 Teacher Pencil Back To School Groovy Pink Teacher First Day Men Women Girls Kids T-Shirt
• • • • • • •
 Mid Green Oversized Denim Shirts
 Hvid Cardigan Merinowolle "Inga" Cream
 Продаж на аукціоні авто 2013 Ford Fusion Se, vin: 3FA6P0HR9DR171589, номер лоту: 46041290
• • • • • • •
Working from the material above, retype exactly the lines from the one with "Hvid Cardigan Merinowolle" through the one with "Продаж на аукціоні", both included, and only those lines.

 Hvid Cardigan Merinowolle "Inga" Cream
 Продаж на аукціоні авто 2013 Ford Fusion Se, vin: 3FA6P0HR9DR171589, номер лоту: 46041290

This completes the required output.